Birth of a City

Self-protection lies at the heart of South Pasadena’s very beginnings as a city

By Justin Chapman, Pasadena Weekly, 2/28/2013

Centuries before white settlers inhabited the southern portion of the San Gabriel Valley, the city we now call South Pasadena was home to members of the Hahamongna branch of the Tongva tribe of Native Americans.

Also known as Gabrielinos, tribe members built thatched dome structures along the banks of the seasonal Arroyo Seco. There they lived and worked the land and streams and traded with other Tongva tribe members who lived throughout modern-day Los Angeles. When South Pasadena incorporated in 1888, very few Native American people were allowed to own land.

“The Arroyo Seco was really the cradle of civilization for Indians that inhabited Pasadena and South Pasadena,” said South Pasadena City Librarian Steve Fjeldsted. “It not only gave them their water, but was also part of their trade and travel routes. Of course, later it became one of the first routes between Pasadena and Los Angeles.”
When Spanish explorers began colonizing the area in the 18th century, Indian culture was absorbed by the missionaries. California became a Mexican province when Mexico won independence from Spain. According to the definitive historical text by Jane Apostol, “South Pasadena: A Centennial History,” very few Indians received shares of land “when the property once controlled by the missions was given away in huge land grants on which ranchos were established.” Most of present-day Altadena, Pasadena, San Marino and South Pasadena formed the boundaries of Rancho San Pasqual.

What is now known as the Flores Adobe, the oldest house in South Pasadena, served as headquarters for Mexican Gen. José María Flores during the Mexican-American War in the 1840s. The adobe, which is still around today, is the place where Mexican commanders drew up their plan of surrender to the United States.
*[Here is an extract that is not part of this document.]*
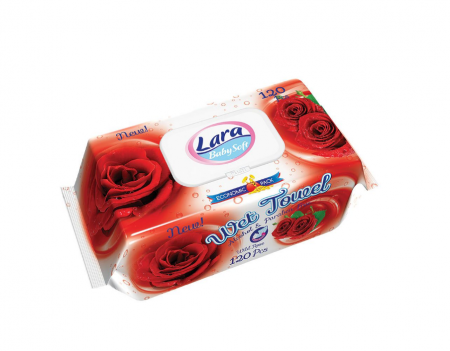 Consumabile de hartie - Servetele umede Lara, Rose, 120 buc - 90021398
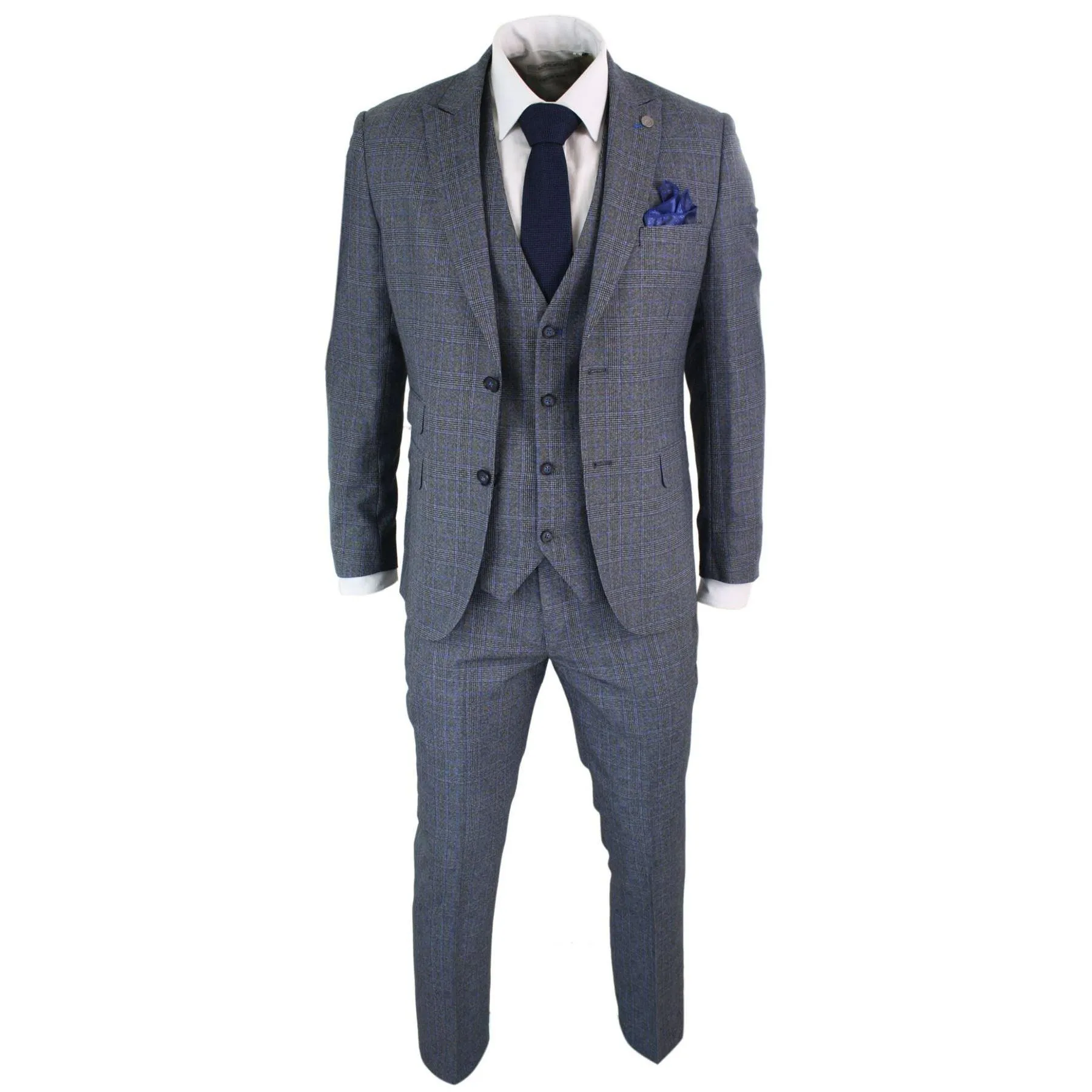 Mens 3 Piece Tailored Fit Prince Of Wales Check Grey Blue Tweed Suit Vintage Retro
In the 1870s, members of the California Colony of Indiana began moving to the area and started purchasing property. San Gabriel Orange Grove Association members Calvin Fletcher and Benjamin Eaton were among those who invested in land at the southern end of the colony, south of Columbia Street.

“They started subletting it, more people came out, and South Pasadena has remained independent and small to this day,” said Fjeldsted, “but that’s part of its earliest beginnings.”

According to Fjeldsted, it is a common misconception that South Pasadena split off from Pasadena’s historic Indiana Colony to form its own city. In fact, residents of what used to be Rancho San Pasqual always thought of themselves as a separate entity from Pasadena, and petitioned for their own school district and post office a decade before incorporation.

“I think part of the misconception comes from its name, which makes it sound like it’s the southern part of Pasadena or Pasadena junior. But despite the name, South Pasadena is its own community,” said Fjeldsted.
One of the reasons residents of South Pasadena decided to incorporate was to keep Pasadena’s seedy elements away from its borders.
“There was a lot of wildness taking place in Pasadena: saloons, ladies of the night and other forms of wild behavior,” said Fjeldsted. “In order to stop it, Pasadena incorporated and had its own ordinances forbidding those things, but then it all moved down to the other side of Columbia Street. The settlers here didn’t want Pasadena’s riff raff and bad behavior coming to South Pasadena, so it incorporated on March 2, 1888, and passed the same ordinance that Pasadena had passed. That just moved some of those things farther south to Los Angeles, but that’s what solidified the entire community into being incorporated.”

Self-protection, which continues to be a strong trait of the community to this day, was at the heart of South Pasadena’s very beginnings as an official entity. Apostol noted that a leader of the temperance and anti-saloon movement of the day, Dr. Hiram Reid, said South Pasadenans had to incorporate in order to have “police control over their territory … and thus they were compelled by sheer necessity for self-protection to incur the expense and trouble of forming a city corporation.”